At the time this was a relatively new issue for me, but the suggestion that there was $311 billion in uncollected taxes stood out to me and I haven't stopped thinking about it since. So when Mr. Bush
said that rich people don't pay taxes, I began to wonder if there wasn't more to that story. Today, the Center for American Progress's
Progress Report had this:
TAXES
Letting the Cronies Off
Just one day after attending a church service where the topic was the excesses of wealth, President Bush joked about taxes, saying "the really rich people figure out how to dodge taxes anyway." The statement was a sharp departure from his past tough talk on tax enforcement. Just four months ago, the president claimed he wanted "to make sure that tax cheaters are found, make sure the IRS gets after those who don't pay taxes; make sure that the system is fair for those of us who do pay taxes. We want everybody paying their fair share." Unfortunately, though, yesterday's quip was far more indicative of the White House's record on taxes than the tough talk from before. The Bush administration has simultaneously reduced audits of the biggest corporations (many of which finance its political campaigns) while increasing scrutiny of indivduals. More specifically, that increased scrutiny has fallen on the working poor, even as high-income and corporate tax cheating increases.
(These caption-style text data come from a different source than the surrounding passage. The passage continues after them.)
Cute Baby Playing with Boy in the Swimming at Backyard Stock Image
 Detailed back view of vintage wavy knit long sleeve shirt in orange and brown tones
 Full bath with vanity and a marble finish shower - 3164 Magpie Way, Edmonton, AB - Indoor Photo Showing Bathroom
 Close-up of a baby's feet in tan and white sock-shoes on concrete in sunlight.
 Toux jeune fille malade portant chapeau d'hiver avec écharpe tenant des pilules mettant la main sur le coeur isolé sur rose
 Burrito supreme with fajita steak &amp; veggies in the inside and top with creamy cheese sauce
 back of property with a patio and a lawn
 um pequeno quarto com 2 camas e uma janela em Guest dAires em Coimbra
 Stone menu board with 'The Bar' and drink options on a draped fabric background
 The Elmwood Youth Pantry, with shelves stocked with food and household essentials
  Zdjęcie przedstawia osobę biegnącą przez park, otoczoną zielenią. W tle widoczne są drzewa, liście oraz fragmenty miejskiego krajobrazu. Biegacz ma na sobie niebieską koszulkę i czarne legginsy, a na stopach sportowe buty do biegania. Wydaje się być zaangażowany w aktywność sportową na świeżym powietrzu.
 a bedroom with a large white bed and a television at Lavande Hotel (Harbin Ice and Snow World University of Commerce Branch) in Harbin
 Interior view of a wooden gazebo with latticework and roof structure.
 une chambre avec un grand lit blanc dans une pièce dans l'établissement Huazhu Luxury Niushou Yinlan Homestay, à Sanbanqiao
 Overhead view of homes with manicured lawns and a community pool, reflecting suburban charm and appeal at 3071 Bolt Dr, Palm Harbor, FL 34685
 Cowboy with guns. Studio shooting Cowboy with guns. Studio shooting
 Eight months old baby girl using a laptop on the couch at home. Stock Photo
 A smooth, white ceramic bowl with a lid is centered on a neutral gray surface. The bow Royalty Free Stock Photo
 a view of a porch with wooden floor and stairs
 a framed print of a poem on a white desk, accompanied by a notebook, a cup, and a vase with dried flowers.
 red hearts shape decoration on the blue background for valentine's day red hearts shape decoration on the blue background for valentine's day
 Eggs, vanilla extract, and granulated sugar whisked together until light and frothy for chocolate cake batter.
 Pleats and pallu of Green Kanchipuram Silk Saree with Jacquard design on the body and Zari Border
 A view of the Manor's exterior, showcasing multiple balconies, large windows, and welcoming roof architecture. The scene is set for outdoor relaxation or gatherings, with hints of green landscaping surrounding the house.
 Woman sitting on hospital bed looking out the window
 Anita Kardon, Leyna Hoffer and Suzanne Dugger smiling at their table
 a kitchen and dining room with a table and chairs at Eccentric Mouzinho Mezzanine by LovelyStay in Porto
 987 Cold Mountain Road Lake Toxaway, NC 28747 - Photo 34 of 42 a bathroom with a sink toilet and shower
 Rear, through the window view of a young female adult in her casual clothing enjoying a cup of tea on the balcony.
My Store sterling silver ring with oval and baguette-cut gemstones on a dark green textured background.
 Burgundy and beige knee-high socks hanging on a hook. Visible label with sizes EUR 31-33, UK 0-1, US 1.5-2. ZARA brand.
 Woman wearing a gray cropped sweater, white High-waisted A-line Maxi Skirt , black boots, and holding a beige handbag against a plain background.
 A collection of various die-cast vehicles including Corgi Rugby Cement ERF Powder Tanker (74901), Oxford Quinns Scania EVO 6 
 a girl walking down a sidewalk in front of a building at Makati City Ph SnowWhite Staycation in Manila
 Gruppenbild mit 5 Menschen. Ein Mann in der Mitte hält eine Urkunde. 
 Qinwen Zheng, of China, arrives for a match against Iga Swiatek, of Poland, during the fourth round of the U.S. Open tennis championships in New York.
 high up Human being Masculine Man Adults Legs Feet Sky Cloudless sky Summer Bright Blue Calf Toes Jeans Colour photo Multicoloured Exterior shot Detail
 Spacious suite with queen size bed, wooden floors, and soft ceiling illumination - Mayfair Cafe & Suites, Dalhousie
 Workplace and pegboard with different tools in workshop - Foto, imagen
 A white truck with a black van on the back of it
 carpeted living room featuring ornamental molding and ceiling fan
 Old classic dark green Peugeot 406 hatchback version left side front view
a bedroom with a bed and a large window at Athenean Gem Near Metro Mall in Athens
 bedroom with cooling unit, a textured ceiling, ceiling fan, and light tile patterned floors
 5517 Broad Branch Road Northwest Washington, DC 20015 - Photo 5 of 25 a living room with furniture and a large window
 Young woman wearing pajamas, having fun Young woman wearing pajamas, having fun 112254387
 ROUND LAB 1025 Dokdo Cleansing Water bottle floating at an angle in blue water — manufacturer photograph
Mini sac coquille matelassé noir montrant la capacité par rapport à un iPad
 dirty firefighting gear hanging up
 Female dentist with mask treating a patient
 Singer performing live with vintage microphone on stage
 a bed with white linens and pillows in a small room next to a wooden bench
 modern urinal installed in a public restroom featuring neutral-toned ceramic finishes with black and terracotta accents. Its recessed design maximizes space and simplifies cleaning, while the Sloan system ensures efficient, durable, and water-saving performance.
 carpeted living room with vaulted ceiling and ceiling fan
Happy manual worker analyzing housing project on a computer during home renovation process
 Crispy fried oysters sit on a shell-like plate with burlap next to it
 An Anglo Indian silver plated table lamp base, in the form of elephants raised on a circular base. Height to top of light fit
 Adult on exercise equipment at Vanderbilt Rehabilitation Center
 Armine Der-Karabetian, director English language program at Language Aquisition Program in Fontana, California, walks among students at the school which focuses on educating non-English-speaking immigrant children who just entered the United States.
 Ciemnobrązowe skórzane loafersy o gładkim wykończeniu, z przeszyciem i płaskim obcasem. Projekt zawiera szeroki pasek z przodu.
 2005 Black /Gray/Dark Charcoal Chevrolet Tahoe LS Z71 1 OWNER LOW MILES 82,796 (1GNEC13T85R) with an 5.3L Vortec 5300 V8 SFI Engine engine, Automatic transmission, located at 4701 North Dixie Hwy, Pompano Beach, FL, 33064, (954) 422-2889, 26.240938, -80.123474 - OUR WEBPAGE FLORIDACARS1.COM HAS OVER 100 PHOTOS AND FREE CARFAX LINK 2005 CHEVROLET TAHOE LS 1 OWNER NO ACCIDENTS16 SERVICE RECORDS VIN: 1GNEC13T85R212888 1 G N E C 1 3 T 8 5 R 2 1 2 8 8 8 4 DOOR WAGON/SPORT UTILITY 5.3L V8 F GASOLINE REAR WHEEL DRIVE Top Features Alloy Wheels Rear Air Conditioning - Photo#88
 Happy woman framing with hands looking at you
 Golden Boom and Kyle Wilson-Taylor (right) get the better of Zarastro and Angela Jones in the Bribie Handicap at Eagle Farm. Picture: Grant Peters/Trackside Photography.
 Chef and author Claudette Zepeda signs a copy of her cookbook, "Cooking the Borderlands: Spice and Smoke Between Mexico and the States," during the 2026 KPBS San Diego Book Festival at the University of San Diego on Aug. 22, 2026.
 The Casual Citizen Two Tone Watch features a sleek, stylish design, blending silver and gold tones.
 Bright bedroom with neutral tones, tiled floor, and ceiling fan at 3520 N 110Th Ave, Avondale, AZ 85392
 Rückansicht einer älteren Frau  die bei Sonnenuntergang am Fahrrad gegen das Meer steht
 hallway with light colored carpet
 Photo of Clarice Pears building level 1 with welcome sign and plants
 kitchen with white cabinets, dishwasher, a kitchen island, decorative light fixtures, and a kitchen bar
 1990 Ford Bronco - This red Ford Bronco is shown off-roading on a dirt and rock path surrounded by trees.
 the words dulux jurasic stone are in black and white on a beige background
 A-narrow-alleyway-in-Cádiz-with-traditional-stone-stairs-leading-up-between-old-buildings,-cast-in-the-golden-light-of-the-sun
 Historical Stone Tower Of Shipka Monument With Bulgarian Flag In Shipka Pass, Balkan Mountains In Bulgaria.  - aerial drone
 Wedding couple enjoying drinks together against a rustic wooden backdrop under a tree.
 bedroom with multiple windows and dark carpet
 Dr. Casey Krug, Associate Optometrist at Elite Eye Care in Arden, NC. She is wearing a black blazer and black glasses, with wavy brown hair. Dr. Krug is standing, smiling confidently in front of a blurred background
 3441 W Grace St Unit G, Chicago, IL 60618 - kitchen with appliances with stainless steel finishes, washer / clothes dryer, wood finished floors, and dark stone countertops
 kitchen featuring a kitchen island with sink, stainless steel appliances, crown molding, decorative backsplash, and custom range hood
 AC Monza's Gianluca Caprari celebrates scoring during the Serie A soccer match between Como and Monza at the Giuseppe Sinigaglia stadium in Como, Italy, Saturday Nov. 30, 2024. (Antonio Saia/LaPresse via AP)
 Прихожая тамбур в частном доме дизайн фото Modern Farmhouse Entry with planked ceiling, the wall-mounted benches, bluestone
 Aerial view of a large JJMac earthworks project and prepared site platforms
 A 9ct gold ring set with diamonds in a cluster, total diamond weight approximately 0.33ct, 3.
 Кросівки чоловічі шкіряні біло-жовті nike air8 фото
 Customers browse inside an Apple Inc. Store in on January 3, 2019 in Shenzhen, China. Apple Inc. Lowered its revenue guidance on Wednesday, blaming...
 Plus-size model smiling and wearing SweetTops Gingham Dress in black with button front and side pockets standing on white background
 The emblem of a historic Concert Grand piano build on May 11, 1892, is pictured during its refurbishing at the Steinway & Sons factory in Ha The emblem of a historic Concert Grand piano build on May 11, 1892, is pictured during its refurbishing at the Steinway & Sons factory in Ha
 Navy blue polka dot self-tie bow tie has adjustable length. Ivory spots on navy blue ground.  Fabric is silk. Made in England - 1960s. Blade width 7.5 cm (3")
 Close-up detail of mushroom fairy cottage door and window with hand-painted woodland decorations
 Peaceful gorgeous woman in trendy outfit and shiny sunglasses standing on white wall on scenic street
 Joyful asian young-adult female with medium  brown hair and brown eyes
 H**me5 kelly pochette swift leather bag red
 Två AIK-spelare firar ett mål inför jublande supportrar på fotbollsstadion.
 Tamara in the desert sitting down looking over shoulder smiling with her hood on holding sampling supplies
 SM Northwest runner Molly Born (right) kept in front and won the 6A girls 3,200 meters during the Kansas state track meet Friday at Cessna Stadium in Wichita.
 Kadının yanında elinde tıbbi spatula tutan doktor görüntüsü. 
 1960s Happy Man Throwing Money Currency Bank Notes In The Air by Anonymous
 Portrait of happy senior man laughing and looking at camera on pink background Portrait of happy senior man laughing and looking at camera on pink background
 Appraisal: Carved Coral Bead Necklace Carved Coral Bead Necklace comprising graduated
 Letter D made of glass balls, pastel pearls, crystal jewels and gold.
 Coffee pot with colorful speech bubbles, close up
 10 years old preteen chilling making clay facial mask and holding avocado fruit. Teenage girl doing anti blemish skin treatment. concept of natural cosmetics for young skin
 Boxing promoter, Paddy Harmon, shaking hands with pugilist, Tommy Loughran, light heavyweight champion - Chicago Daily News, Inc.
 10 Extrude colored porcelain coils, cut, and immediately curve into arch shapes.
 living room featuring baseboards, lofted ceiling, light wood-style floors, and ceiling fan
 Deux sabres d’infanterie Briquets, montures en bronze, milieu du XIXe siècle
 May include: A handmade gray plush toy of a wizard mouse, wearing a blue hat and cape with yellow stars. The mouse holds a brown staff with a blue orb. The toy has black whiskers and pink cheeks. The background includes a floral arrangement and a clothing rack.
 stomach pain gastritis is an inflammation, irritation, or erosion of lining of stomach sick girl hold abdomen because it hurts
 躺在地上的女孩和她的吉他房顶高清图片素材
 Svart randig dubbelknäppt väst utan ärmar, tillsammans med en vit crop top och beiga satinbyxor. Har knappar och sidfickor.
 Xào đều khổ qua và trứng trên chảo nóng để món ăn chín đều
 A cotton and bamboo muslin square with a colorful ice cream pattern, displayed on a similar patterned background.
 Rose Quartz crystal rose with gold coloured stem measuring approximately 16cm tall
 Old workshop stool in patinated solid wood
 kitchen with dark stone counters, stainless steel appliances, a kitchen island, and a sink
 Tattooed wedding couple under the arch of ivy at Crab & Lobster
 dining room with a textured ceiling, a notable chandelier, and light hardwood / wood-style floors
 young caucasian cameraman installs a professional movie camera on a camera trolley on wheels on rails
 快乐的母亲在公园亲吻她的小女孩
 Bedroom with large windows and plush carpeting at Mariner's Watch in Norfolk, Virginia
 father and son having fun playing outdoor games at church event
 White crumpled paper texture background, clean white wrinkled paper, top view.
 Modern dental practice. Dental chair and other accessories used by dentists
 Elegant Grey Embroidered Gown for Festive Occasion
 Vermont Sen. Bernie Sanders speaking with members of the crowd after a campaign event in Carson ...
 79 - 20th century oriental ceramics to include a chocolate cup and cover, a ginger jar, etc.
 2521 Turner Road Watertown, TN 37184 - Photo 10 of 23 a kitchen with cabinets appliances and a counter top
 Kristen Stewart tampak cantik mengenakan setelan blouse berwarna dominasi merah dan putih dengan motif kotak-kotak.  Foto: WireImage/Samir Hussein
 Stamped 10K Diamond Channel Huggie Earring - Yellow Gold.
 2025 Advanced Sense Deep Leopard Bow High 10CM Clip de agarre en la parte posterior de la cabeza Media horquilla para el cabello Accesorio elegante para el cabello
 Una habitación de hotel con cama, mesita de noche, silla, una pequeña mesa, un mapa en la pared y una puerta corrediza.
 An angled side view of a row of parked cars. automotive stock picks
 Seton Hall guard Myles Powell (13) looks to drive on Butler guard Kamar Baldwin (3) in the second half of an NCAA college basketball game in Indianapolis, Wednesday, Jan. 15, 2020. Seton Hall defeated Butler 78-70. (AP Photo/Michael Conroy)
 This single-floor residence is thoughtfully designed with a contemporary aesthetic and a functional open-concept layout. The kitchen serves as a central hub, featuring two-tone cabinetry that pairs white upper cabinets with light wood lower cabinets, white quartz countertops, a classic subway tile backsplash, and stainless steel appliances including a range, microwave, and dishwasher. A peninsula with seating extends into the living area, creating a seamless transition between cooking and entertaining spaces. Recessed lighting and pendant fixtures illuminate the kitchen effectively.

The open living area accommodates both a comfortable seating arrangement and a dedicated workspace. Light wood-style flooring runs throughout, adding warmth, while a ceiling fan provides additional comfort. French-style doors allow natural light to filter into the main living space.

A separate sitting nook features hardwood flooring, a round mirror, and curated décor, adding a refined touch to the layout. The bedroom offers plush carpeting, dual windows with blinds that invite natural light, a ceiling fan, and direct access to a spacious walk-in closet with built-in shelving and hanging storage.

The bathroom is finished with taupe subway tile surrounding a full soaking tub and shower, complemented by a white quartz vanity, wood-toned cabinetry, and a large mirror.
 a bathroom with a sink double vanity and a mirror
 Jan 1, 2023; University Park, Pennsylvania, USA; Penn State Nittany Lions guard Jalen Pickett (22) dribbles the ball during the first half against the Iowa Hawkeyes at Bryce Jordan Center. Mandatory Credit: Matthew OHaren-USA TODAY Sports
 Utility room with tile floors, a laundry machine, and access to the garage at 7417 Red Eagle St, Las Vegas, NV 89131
CUTTING CORPORATE AUDITS AFTER CORPORATE SCANDALS: Even though major corporate scandals shook the economy's foundation, the Bush administration has reduced the number of audits Big Business faces. The New York Times reported earlier this year, "an independent analysis of new Internal Revenue Service data shows that tax enforcement has fallen steadily under President George W. Bush, with fewer audits, fewer penalties, fewer prosecutions and virtually no effort to prosecute corporate tax crimes." Specifically, the audit rate for the 11,200 largest corporations, which pay nearly all corporate income taxes, has fallen by almost half over the past decade, as has the audit rate for unincorporated businesses. The Washington Post reports in 2003, "only 0.73 percent of business tax returns were audited, down from 0.88 percent in the previous year."
RICHEST CORPORATIONS UNDER LESS SCRUTINY: The WP reports, "among corporations with assets of at least $250 million, audit rates slid to 28.98 percent last year from 33.68 percent in 2002. In 1995, more than half were audited." From 1999 to 2003, the number of civil negligence penalties aimed at corporations fell from 62 to 12. Civil fraud penalties dropped to 170 last year from 247 in 1999. And Bush's policies go further than lax enforcement - in some cases, it means forcing the IRS to settle cases on terms favorable to companies with shady behavior. The NYT reports a recent agreement between the government and a tech company "required the IRS to cooperate with the company...in keeping its shareholders uninformed on some basic terms of its stock-option plan, which an audit said enriched the four top executives by as much as $20 million in total."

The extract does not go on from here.